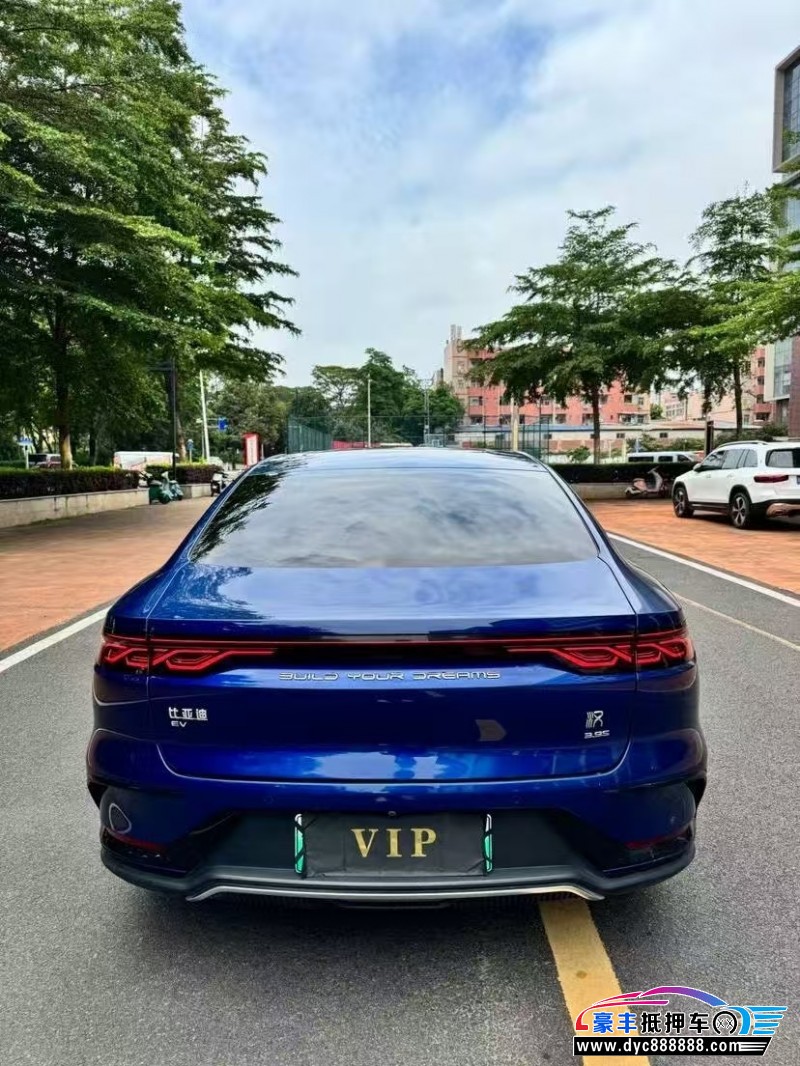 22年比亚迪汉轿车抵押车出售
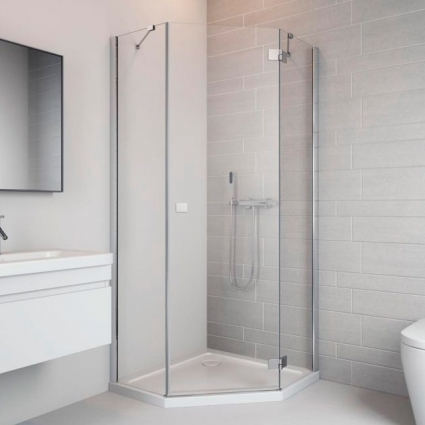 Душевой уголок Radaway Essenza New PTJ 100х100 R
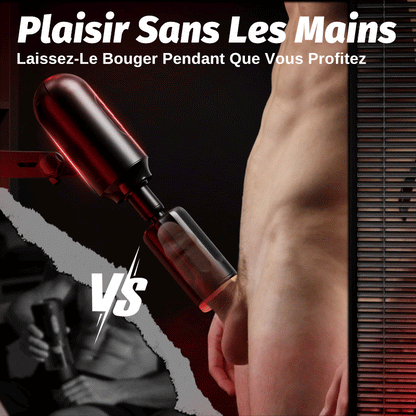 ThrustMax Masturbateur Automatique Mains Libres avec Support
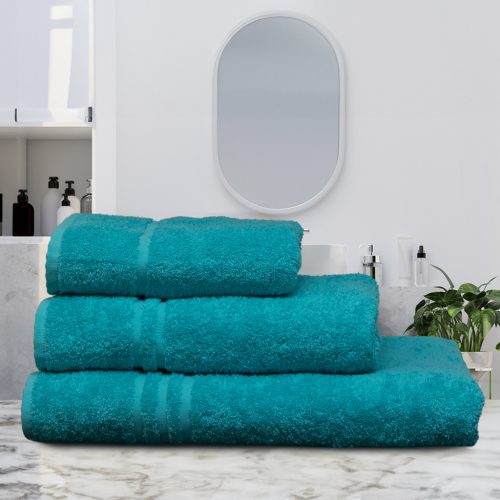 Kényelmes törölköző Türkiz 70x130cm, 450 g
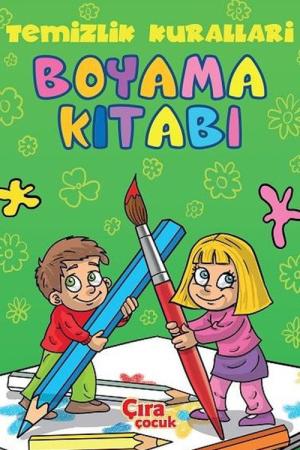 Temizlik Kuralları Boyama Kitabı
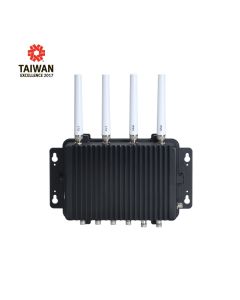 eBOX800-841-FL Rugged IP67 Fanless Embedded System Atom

◇ ◇ ◇ ◇ ◇ ◇ ◇

Please print exactly the lines running from the line with "Душевой уголок Radaway" through the final line of the material, and nothing more. Keep pictures out.

 Душевой уголок Radaway Essenza New PTJ 100х100 R
 ThrustMax Masturbateur Automatique Mains Libres avec Support
 Kényelmes törölköző Türkiz 70x130cm, 450 g
 Temizlik Kuralları Boyama Kitabı
 eBOX800-841-FL Rugged IP67 Fanless Embedded System Atom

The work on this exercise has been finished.